- _WHAT TO WORK ON_: The answer must consist solely of the lines from the one with "Italy, San Quirico" through the last line of the data, copied exactly, with no pictures.

+ + + +

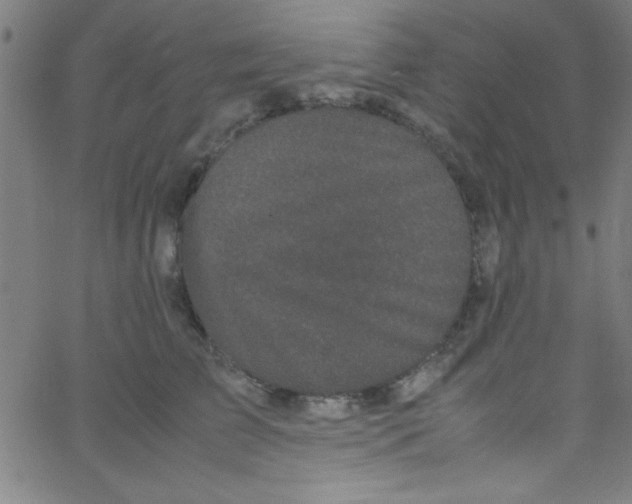 X0000067400709200604281908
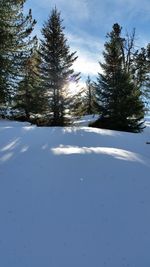 Scenic view of snow covered landscape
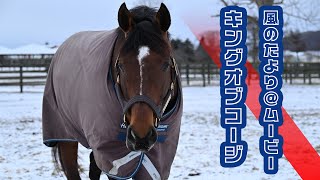 【風のたより＠ムービー】AJCC優勝馬キングオブコージの最新映像！～P.S.優しい優等生パパ。子供もすくすく育っています～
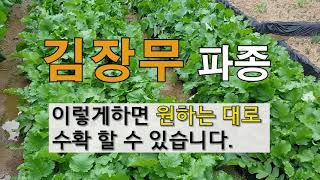 김장무 파종 이렇게 하면 원하는 대로 수확 할 수 있습니다. 주말농장 도시텃밭  김장무  가꾸기!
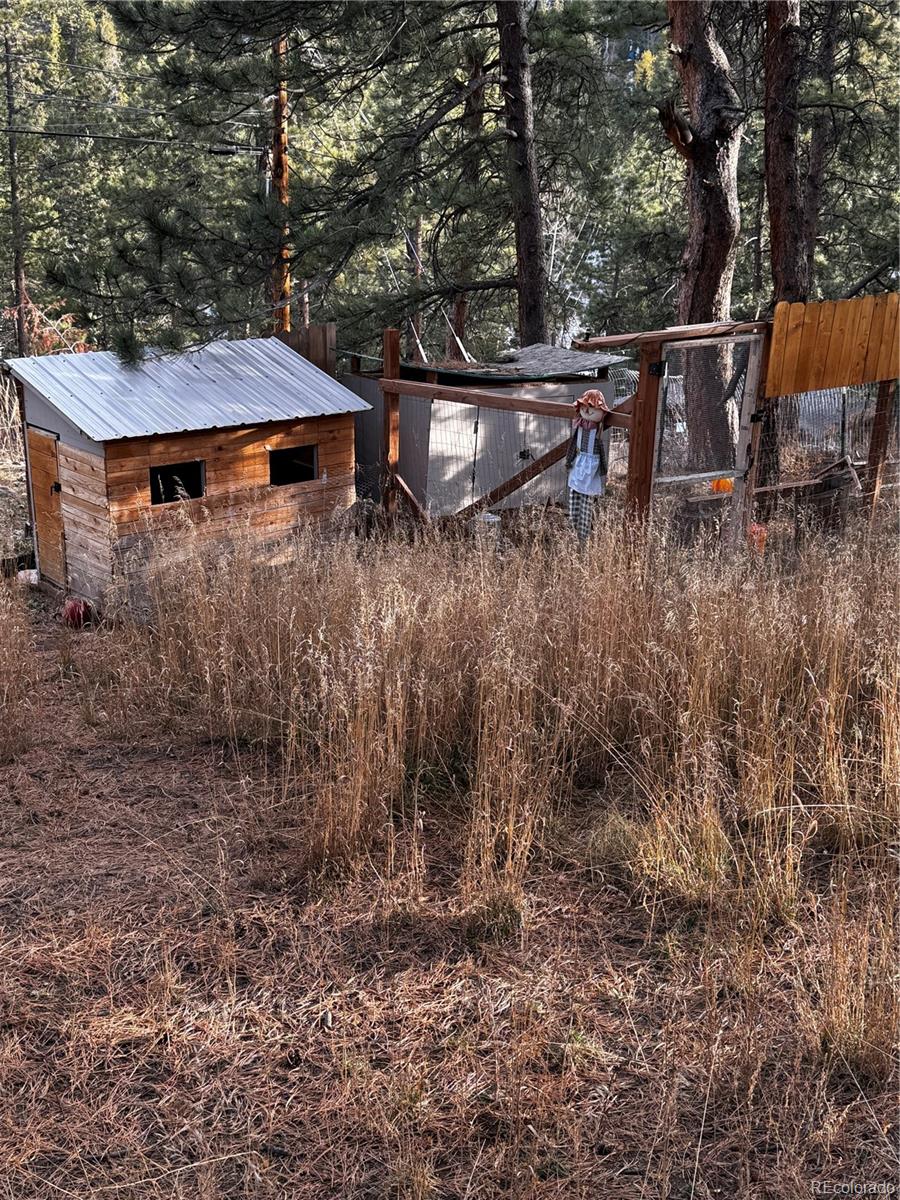 MLS Image #22 for 10627  twin spruce road,golden, Colorado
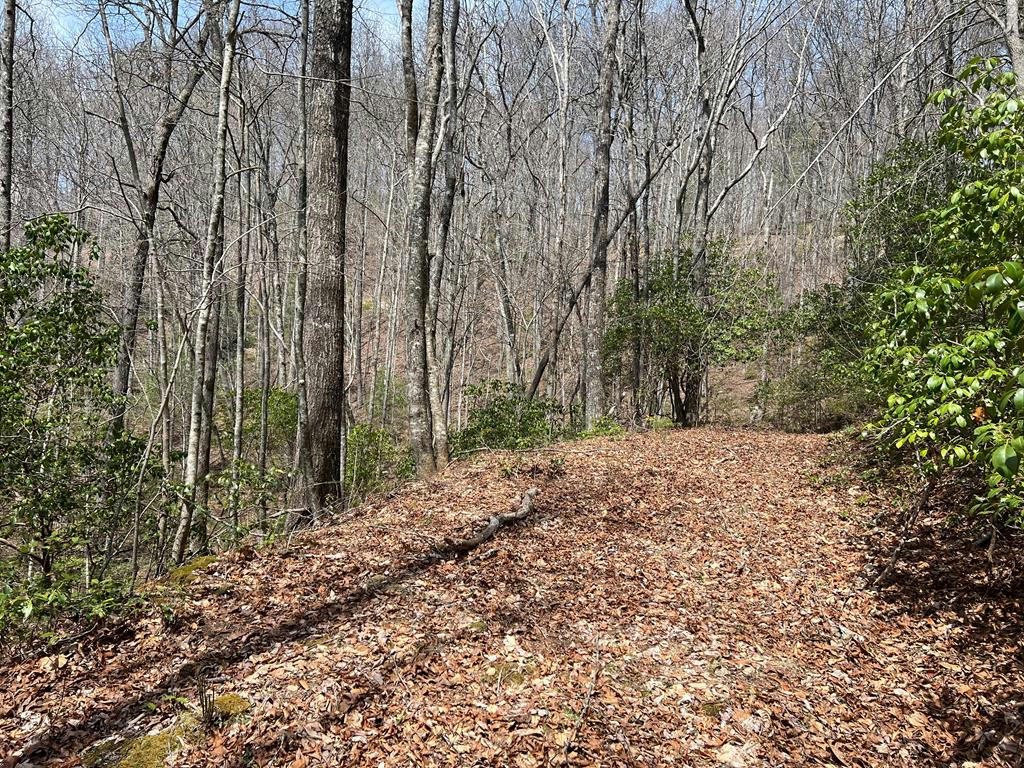 00 WHISPERING SPRINGS LANE, NANTAHALA, NC 28781, photo 1 of 7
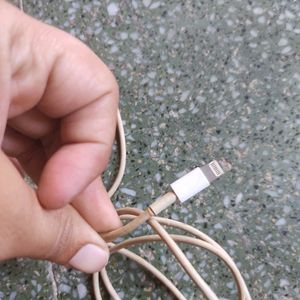 Apple Lightning Cable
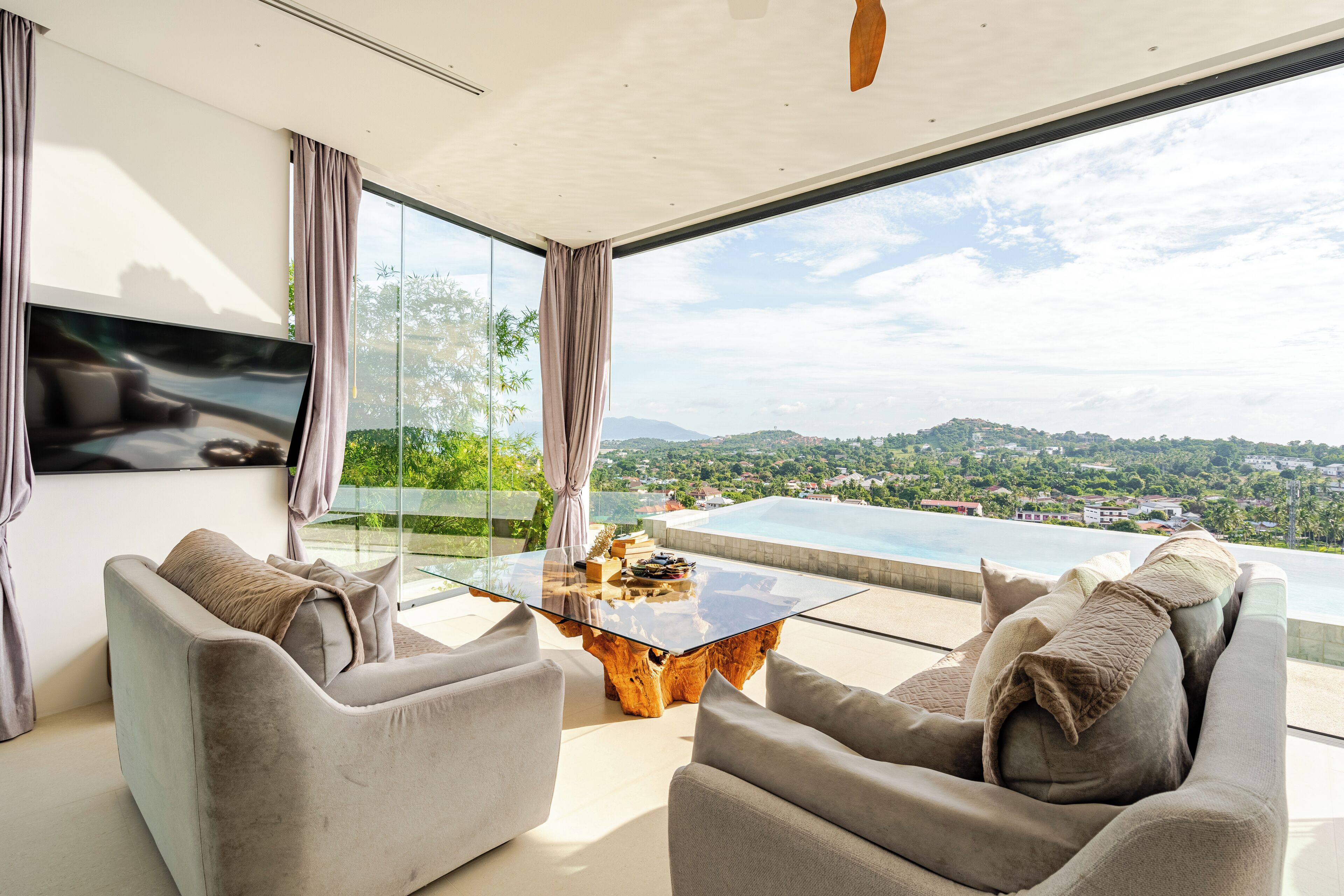 55-英寸纯平电视（配备数码频道）、智能电视、Netflix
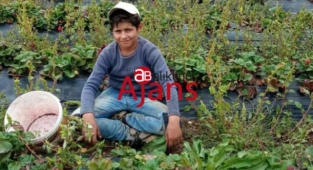 Urfa'da bir intihar daha! İple asılı halde bulundu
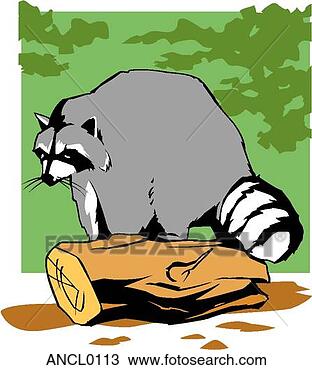 Clipart - guaxinim. fotosearch 
- busca de ilustrações 
clipeart e desenhos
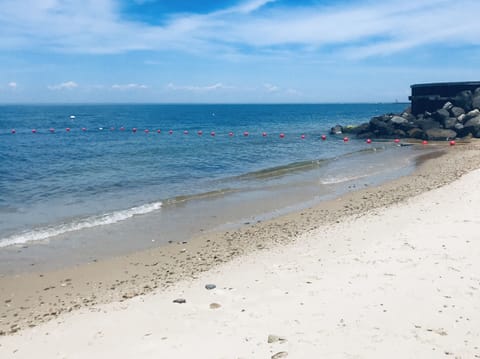 Stroll to Culloden beach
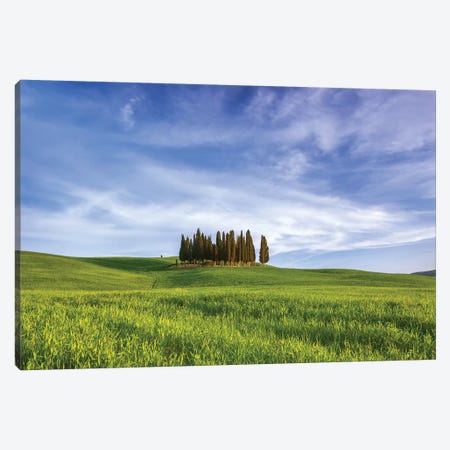Italy, San Quirico d'Orcia. Cypress grove in landscape.  Canvas Print #JYG569} by Jaynes Gallery Canvas Artwork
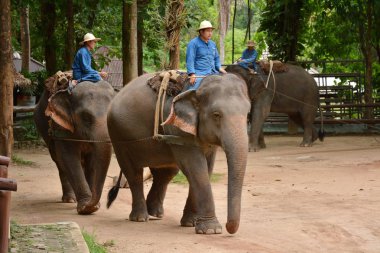 Fil gibi insanlar Tayland fil Koruma Merkezi Lampang-A vitrin bir Tay dili veya Asya fili yeteneklerini göstermek için bir faaliyet gösteriyor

+ + + +

- _EXERCISE RESULT_:
Italy, San Quirico d'Orcia. Cypress grove in landscape.  Canvas Print #JYG569} by Jaynes Gallery Canvas Artwork
 Fil gibi insanlar Tayland fil Koruma Merkezi Lampang-A vitrin bir Tay dili veya Asya fili yeteneklerini göstermek için bir faaliyet gösteriyor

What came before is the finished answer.